I think that new years resolutions are both a crock of shit, and also pretty helpful in creating intentional change in our lives.  A central tenet of Buddhist Psychology is being able to hold two contrasting views as simultaneously true, so that’s the skill I’m employing here.

 

Sometimes people want to make a New Year’s Resolution about meditation, and they ask me why meditation is important.  There’s a lot of buzz about meditation practice, but why does it actually matter?  What happens when we meditate?

 

I have a hard time pitching meditation.  Its effects are so individual and multidimensional.  I’ve recently started talking about the ‘alchemy of meditation’, a phrase my clients have described as ‘annoying’ and ‘vague.’  I get that, but it also feels like it’s the best word for it.  It’s a seemingly magical and mysterious process of transformation, with something of real value coming out the other side.
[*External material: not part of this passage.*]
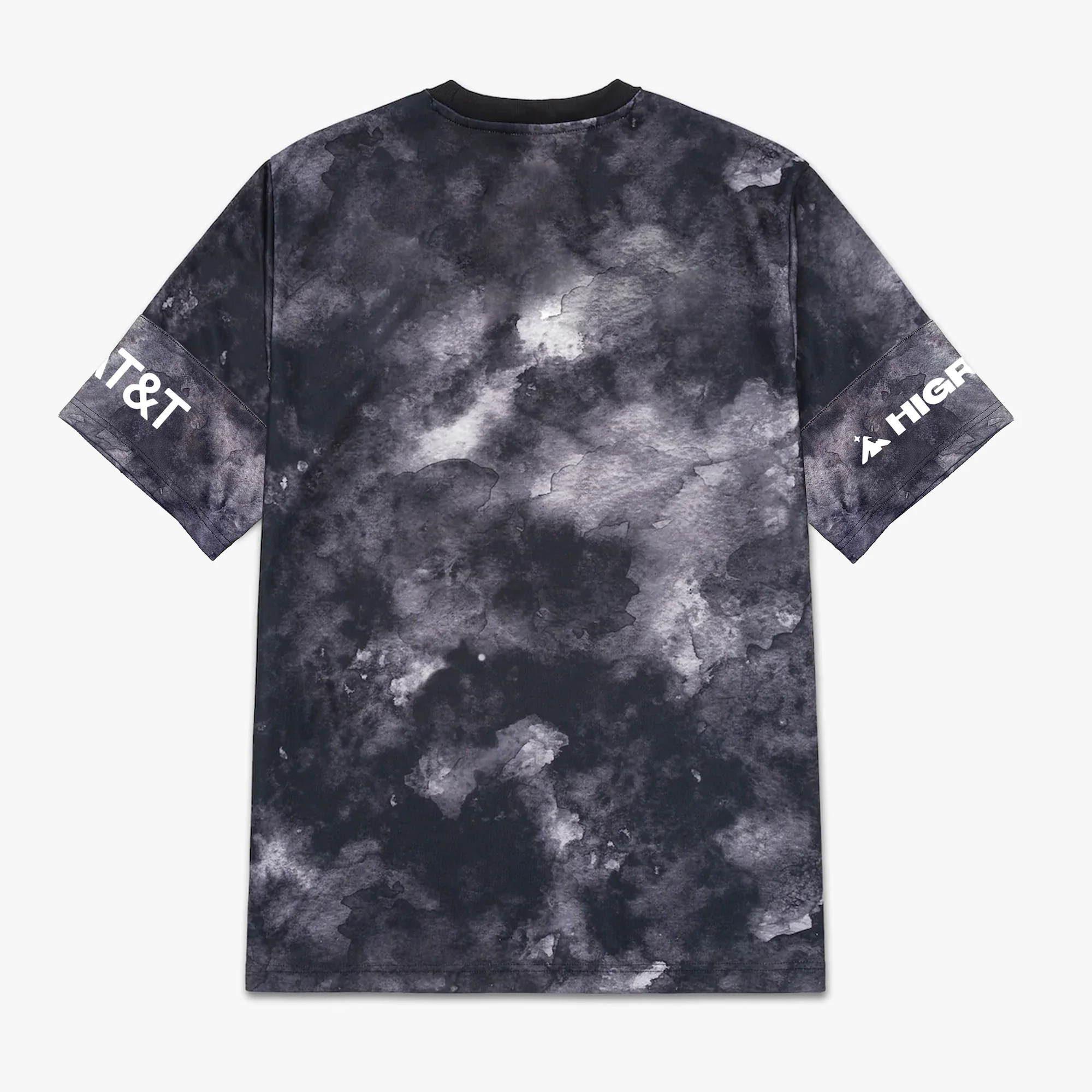 adidas Originals X 100 Thieves 2024 Primary Jersey - Image 6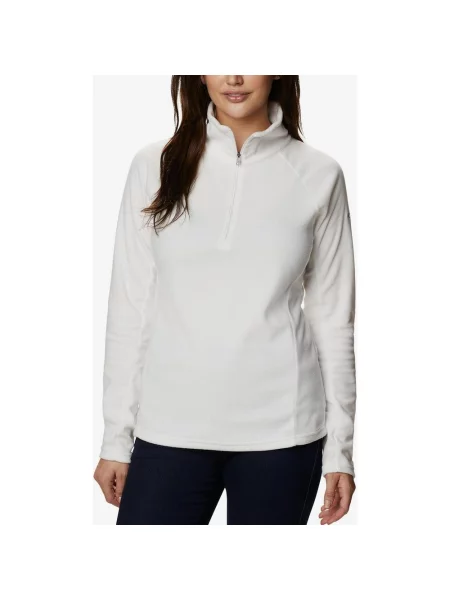 Polar Columbia Glacial Fleece IV Zip Polar XS biały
In an attempt to be more specific, I’ll tell you about one way that meditation has changed my experience in the world: the transformative power of not panicking about discomfort. 

 

One aspect of Buddhist Psychology is the foundational importance of Shamatha meditation.  This means ‘peaceful abiding’, and basically it means just sitting there, being with your breath, and tolerating your intolerable mind.  It’s simple, but it’s not easy.

 

One thing that happens when you meditate for any decent length of time is that you get physically uncomfortable.  Sitting in any position and not moving starts to feel crappy after a while, and it’s interesting to watch what your mind does when it starts to feel bad.  Early in my meditation journey, when I started to feel physical discomfort during meditation, my mind had a total field day.  I felt the perpetual knot in my right shoulder start to tighten, and I thought, “Oh here we go. This is only going to get worse. How long are we sitting right now? It’s going to get so much worse. I’m going to be in so much pain. It’ll probably be excruciating.  How bad would it be if I just gave up?  Maybe I should just give up.”  And I mean—this would occur approximately five minutes into a meditation sit.  The fear of how bad the discomfort would be was debilitating.  My mind would spin in the panic of discomfort. 

 

Over the years, I’ve learned to work with this discomfort in meditation differently.  When I notice discomfort, I just plain notice it. ‘Oh, my shoulder feels like shit? Interesting.’  Then I allow my awareness to let it go.  Then I feel the discomfort again, and my attention gets called back.  Sometimes the pain escalated, but many times, to my great surprise, it just stayed the same, or even dissipated.  And when it did escalate, I just watched it escalate.  Nothing was going to happen. No one was going to die because my shoulder hurt.  Sometimes my shoulder really hurt, and I felt agitated and frustrated, and I laid down in the meditation sangha to give myself a break.  And again, nobody died. 

 

You can replace physical pain with mental suffering, and the lesson is the same.  Meditating when I am feeling anxious is so difficult for me.  Sitting with that a feeling that begs for busyness for the sake of busyness is no picnic.  Sometimes I feel even more anxious when I first sit down, and I think, “Meditation doesn’t work! I’m feeling more anxious! Who thought this was a good idea?!”  But if I just stay with the feeling, and with myself, my mind and my breath, I see that I can just be with it.  It’s tolerable. Sometimes it evolves and changes into a different feeling, sometimes it doesn’t.  I sit with it either way.

 

Riding out discomfort and seeing where it leads us is an incredible lesson in workability.  All things are possible if we believe the situation is inherently workable.  If we stay in the actual feeling and don’t fall into the fantasy of how terrible this will be, or the story about what this means about us, the feeling itself is actually workable.  One gift of meditation is watching myself ride out these discomforts, seeing that I can do it. The fear of discomfort lessens when we’ve ridden it all the way to the end, and seen that it evolves, or doesn’t, and we survive.  And most of the time, it’s not that bad.  It’s always workable, and nobody dies.

 

(Especially due to my Buddhist Psychology training, I feel the need to clarify here that, in fact, everybody dies.  But that’s a topic for another blog, and I trust you to understand my point.)

 

The lesson translates off the cushion as well.  I believe that meditation was the foundational step in making a big change in my career, having hard conversations, and taking risks the way I do now.  I don’t avoid things because they will probably be uncomfortable, because I know I can tolerate it.  You can too.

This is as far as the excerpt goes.